The hydraulically actuated two-segment rudder is essentially unchanged, with the trailing segment geared to deflectat a greater rate than the main rudder, to increase effectiveness. Elevators are mechanically actuated, as on the EMB-120.

For pitch trim, an electrically driven, variable-incidence, horizontal stabiliser replaces the fixed surface used on the EMB-120. Spoilers are hydraulically actuated, the outboard panels acting as speedbrakes and all four panels being used as ground spoilers. Flaps, hydraulically powered on the EMB-120, are electrically actuated on the EMB-145.

There are two independent, 207-bar, hydraulic systems, each with a primary engine-driven and back-up electric pump. Electrical power is provided by four engine-driven generators (two per engine), an APU starter/generator, two nickel-cadmium batteries and a back-up lead-acid battery. There are three submerged electrical boost pumps in each of the two 2,620litre, wing fuel-tanks.

Bleed-air anti-icing is used on the wing and horizontal-stabiliser leading-edges and engine air-inlets, replacing the pneumatic boots used on the EMB-120. The Hamilton Standard environmental-control system consists of two high-capacity air-cycle machines and mixes fresh (bleed) and recirculated air. Cabin pressure is digitally controlled.

Embraer's equipment division, EDE, designed the landing gear, with assistance from Germany's Leibherr Aero Technik. EDE produces the dual-wheel, trailing-arm, main gear, while Leibherr supplies the dual-wheel nose gear. BFGoodrich provides the wheels and multi-disc carbon brakes; Crane Hydro-Aire, the digital "brake-by-wire" anti-skid braking system; and Parker Hannifin, the "steer-by-wire" nosewheel steering system.

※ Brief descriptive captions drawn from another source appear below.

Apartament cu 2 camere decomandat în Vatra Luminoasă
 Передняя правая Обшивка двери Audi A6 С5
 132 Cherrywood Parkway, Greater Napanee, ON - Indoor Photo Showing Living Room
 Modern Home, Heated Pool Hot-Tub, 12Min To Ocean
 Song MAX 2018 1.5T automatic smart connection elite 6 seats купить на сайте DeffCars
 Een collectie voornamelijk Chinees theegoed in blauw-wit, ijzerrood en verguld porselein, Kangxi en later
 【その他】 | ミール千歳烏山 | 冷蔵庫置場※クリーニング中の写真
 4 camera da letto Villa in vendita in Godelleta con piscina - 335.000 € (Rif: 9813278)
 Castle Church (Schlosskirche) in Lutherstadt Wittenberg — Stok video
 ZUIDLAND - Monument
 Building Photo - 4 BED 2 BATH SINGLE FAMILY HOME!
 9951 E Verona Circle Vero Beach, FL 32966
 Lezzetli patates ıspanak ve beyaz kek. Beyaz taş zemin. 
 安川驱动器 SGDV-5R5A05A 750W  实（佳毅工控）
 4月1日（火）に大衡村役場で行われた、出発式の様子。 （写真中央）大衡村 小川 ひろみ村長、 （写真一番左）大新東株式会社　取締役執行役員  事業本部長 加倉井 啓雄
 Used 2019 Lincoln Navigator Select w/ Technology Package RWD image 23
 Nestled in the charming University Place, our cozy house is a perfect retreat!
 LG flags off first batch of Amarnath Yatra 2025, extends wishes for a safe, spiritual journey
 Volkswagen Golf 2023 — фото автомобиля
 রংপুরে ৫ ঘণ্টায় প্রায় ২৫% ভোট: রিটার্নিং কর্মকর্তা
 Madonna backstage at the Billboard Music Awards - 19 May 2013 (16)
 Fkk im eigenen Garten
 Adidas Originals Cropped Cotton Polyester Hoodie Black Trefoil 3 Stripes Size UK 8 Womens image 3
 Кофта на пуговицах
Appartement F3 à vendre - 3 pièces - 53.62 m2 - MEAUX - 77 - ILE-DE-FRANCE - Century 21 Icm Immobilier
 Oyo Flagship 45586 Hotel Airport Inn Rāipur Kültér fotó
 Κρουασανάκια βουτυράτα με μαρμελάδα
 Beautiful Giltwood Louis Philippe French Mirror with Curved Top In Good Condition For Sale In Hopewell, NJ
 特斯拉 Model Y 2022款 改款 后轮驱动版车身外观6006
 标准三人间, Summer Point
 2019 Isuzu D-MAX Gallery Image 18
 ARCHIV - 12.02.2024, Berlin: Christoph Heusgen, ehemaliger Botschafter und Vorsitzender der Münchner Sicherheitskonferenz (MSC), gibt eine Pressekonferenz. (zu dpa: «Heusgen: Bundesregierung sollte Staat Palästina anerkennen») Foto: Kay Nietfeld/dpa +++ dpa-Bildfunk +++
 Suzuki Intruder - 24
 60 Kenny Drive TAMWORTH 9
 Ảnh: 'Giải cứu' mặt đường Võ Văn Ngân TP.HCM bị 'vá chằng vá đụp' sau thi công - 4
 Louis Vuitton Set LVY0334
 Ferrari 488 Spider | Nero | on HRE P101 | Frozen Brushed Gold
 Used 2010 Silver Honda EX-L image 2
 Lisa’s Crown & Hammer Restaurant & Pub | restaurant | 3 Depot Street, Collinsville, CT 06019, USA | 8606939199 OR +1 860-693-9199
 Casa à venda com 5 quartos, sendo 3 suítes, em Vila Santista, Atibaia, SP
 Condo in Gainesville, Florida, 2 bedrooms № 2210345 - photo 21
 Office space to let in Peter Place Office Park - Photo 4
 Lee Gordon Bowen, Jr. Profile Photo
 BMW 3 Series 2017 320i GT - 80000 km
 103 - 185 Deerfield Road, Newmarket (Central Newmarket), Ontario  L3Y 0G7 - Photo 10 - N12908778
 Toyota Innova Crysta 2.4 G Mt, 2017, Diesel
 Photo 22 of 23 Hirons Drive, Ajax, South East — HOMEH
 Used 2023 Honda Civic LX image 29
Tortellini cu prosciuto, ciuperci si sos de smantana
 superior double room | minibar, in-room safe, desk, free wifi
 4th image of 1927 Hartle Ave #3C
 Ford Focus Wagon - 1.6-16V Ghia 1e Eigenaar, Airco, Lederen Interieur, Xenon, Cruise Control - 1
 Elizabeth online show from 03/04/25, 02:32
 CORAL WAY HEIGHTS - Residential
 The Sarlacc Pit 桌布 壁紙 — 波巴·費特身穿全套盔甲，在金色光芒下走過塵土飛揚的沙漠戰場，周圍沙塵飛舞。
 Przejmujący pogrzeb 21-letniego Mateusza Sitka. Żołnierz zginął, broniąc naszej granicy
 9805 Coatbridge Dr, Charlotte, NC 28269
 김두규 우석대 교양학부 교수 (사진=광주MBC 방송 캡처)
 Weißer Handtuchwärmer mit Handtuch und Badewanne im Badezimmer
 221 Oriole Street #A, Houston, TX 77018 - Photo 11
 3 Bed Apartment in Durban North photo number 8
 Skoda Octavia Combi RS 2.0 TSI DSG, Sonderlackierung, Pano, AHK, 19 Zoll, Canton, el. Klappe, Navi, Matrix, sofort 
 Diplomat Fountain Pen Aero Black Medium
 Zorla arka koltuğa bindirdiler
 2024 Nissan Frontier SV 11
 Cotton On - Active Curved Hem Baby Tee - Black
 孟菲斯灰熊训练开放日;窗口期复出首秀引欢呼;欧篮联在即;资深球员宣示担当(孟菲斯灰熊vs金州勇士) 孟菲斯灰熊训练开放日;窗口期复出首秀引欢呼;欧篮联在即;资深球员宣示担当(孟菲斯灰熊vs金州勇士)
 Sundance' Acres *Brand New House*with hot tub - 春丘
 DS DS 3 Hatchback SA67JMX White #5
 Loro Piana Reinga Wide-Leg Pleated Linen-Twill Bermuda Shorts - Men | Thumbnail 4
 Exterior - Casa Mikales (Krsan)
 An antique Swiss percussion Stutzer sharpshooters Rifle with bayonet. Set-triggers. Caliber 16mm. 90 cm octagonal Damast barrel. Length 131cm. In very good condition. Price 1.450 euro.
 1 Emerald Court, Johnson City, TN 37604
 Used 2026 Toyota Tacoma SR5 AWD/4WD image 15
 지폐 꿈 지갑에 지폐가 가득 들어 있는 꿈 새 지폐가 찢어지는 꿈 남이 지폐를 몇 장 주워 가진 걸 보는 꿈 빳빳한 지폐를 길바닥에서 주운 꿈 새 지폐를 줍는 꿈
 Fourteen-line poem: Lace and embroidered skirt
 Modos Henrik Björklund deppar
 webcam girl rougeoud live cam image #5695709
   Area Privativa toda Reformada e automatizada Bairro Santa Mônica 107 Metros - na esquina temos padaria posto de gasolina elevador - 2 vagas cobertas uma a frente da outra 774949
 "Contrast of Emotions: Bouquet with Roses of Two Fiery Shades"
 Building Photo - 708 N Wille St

Embraer was privatised by the Brazilian Government in December 1994 and the EMB-145 is its first project as a private-sector company. The manufacturer has already cut its workforce substantially to reduce costs and president Juarez Wanderley says that Embraer's new shareholders have undertaken to pump sufficient capital into the company to fund production of the EMB-145.

Aircraft are being built from the outset on production tooling. The EMB-145 was designed entirely on the Intergraph computer-aided design system, first used on the CBA-123 project, but marked Embraer's first use of an electronic mock-up. "This saved a lot of time and the assembly of parts was surprisingly correct," Affonso says.

The prototype will be followed by three pre-series aircraft and two ground-test articles. A 13-month, 1,300h, flight-test programme is planned, leading to Brazilian and US certification in October 1996. European certification is also planned for October 1996, although Affonso admits this might be "a struggle".

First deliveries are scheduled for December 1996, with the initial four aircraft destined for Australia's Flight West Airlines, Regional of France, Denmark's Eastern Trade Wings, and Trinidad-based BWIA International Airlines. By the time of the first flight in August, Embraer held firm orders for 18 aircraft, options on 16 and letters of intent for 127.

Embraer and its partners are gearing up for production of three aircraft a month by 1998, but could increase this to four a month "...if the market demands", says senior vice-president, programmes, Satoshi Yakota.

The Brazilian manufacturer is counting on continued regional-airline growth, coupled with increased demand for jet-airliner service, to generate demand for at least 400 EMB-145s. Its break-even point is between 200 and 250 aircraft, which the company expects to reach between 2001 and 2003, he says.